Regarding Certain Faces Inserted Into the Score, and the Compositional Implications Thereof
In the early stages—before the lines grew thick with non-linear debris, before the glyphs misbehaved—I began collecting faces. I don’t mean this in the romantic or forensic sense (though either would be true in certain light conditions), but as a method of extracting symbolic residue from the already-symbolized. These were not just models. They were selected persons, posed and misposed, whose captured visages could serve not only as index but as topology: the high cheekbone not as contour but as crescendo; the tight brow not as mood but as timbral event; the misaligned eye as a notational fulcrum where meaning drops out and another, less nameable thing, enters.
I chose them carefully—though "choice" is perhaps too confident a term. I sifted through endless near-people. Candidates, stand-ins, facial proxies. They failed by being too knowable. I needed the ones whose identities had already eroded. Whose faces gave away nothing except the fact of being watched. Which is to say, I sought faces with no signal but pure reception—faces as devices. Instruments of indeterminacy. Machines for the generation of compositional doubt.
Of Image as Score
The face, once captured and flattened, becomes no longer face but field. There’s a duration to a stare that cannot be transcribed, and yet it persists in the notational surface as a pressure—like a thumb left too long on sheet metal. I inserted their portraits not as illustration, but as event structure. Their eyes became clefs. Their mouths served as entry points for performative impulse. Some had names. Most didn’t. The score didn't require them. Names suggest a singularity of reference, and that’s not what this work is for.

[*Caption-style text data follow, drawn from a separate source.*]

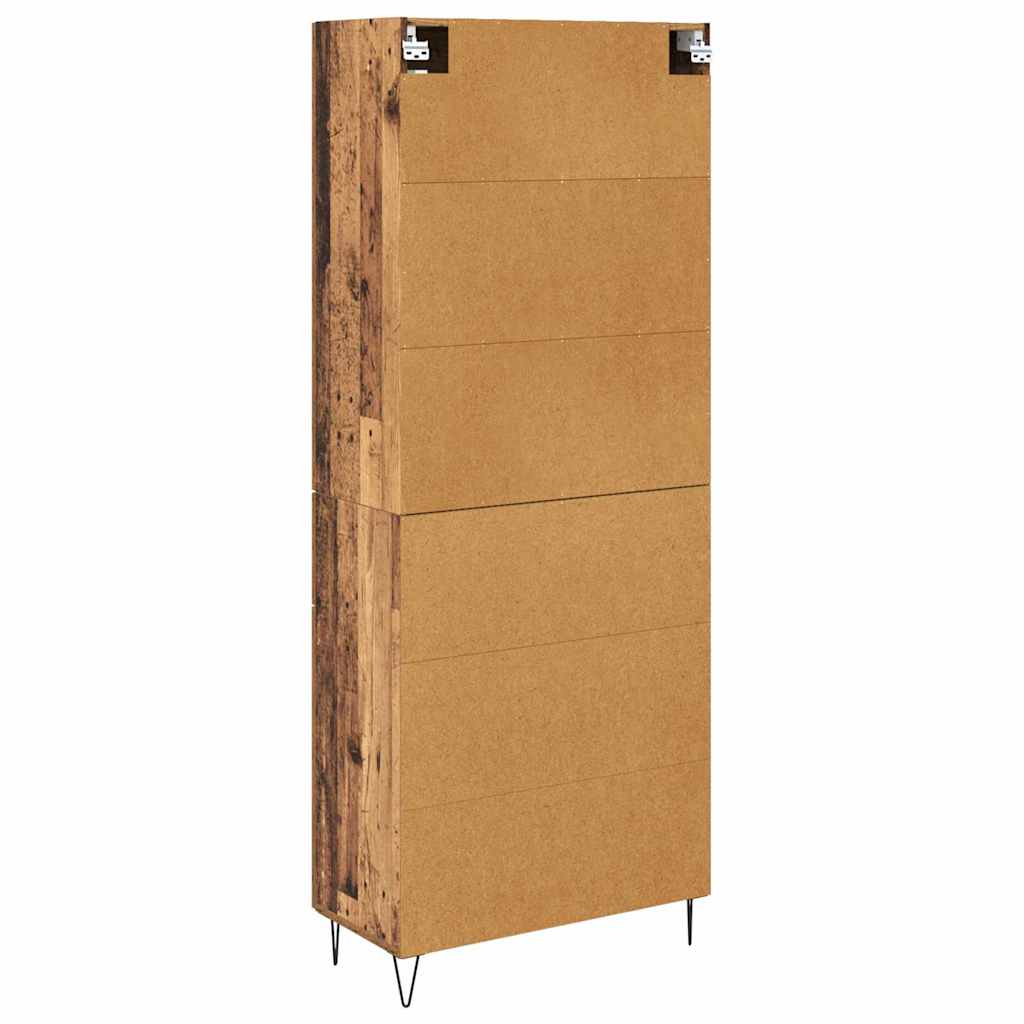 Aparador alto con cajón Madera envejecida 69,5 x 34 x 180 cm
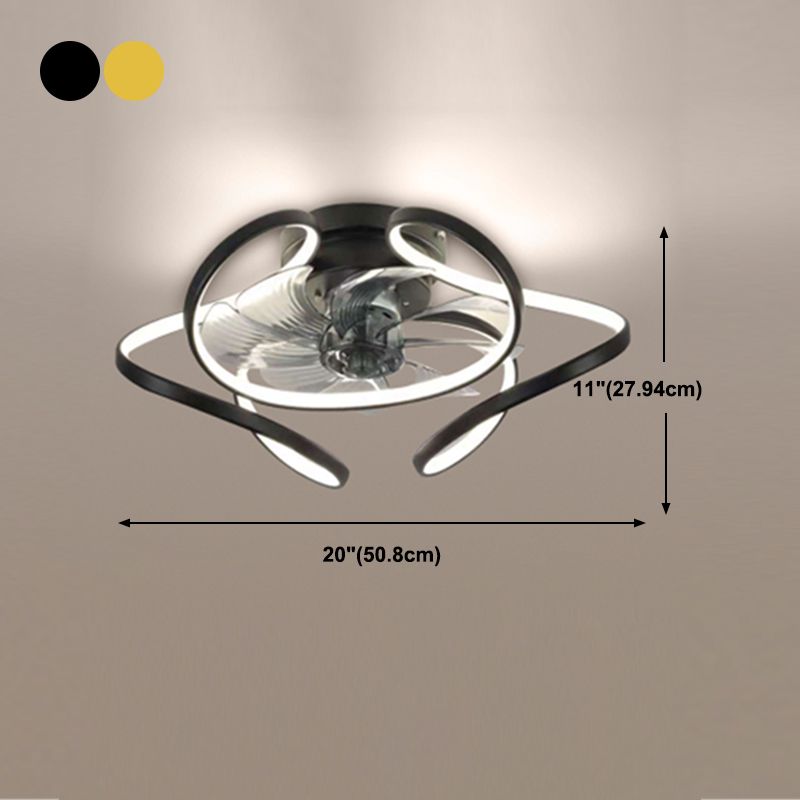 Metal Geometric Ceiling Fan Light Modern Style Multi Lights Flush Mount Lamp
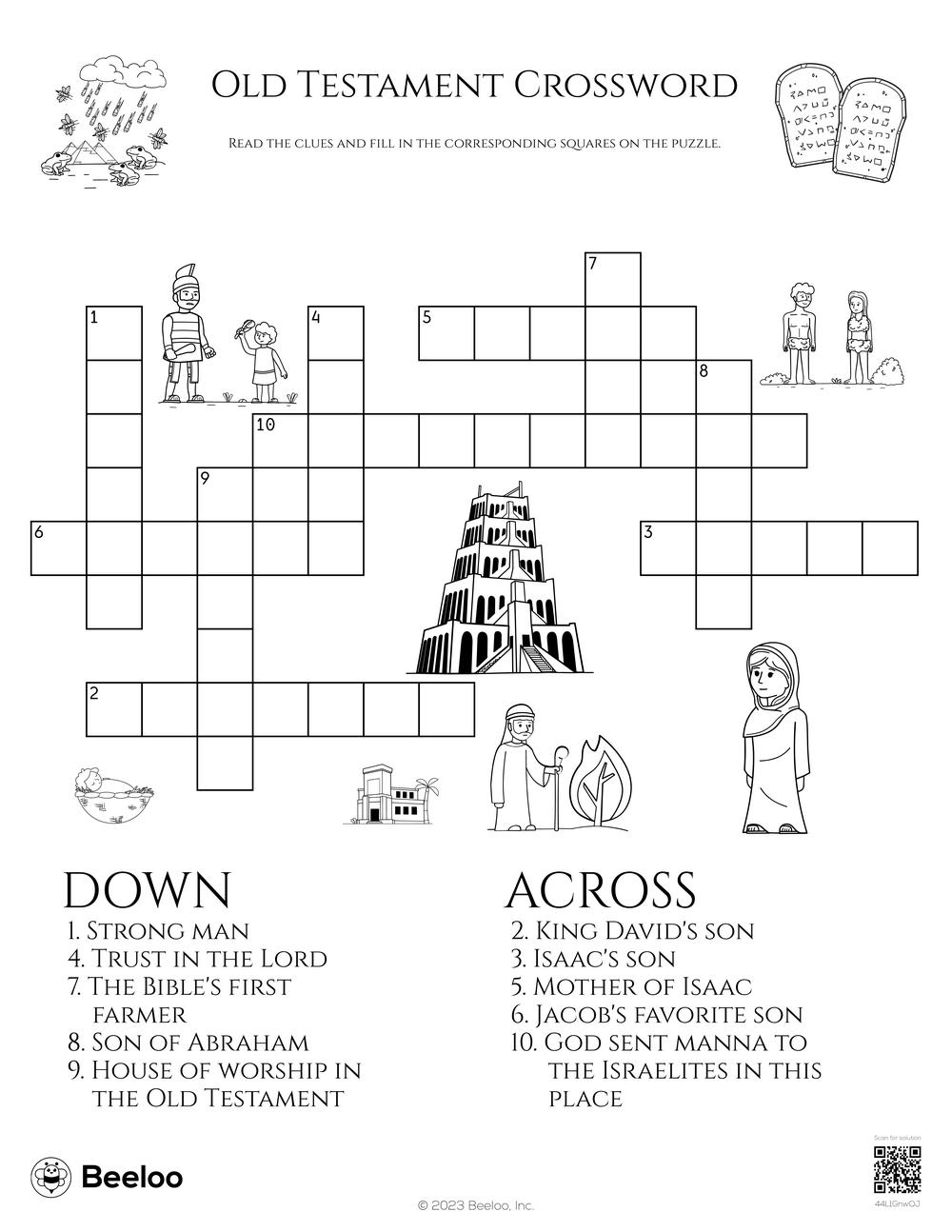 Old Testament themed Crossword Puzzles Beeloo Printable Crafts And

I photographed them in silence, though not without sound. A low electrical buzzing (from the ballast or the aging lens motor). Their stillness was not peace but posed resistance. The way a subject prepares to become someone else.
Once embedded in the score, they began to behave—poorly at first, and then with more confidence. Their cheeks aligned with phrase curves. Their hairlines matched the contour of pitch blocks. Sometimes their faces had to be mutilated to make room for the music. Sometimes the music had to be rewritten to let the face breathe.
The Problem of Recognition
I never wanted them to be recognized—not by audience, not by performer, not even by themselves (should they stumble upon their inclusion in a gallery or backroom archive). To recognize is to resolve, and resolution is the enemy of sound in this language.
Let me say it plainer: I do not score likeness. I score pressure.
Each face is a mask is a mirror is a metaphor that resists. The performer's task is not to reproduce but to negotiate. How do you play a jawline? How do you translate a squint into bowing direction? These are the questions that make the piece a piece.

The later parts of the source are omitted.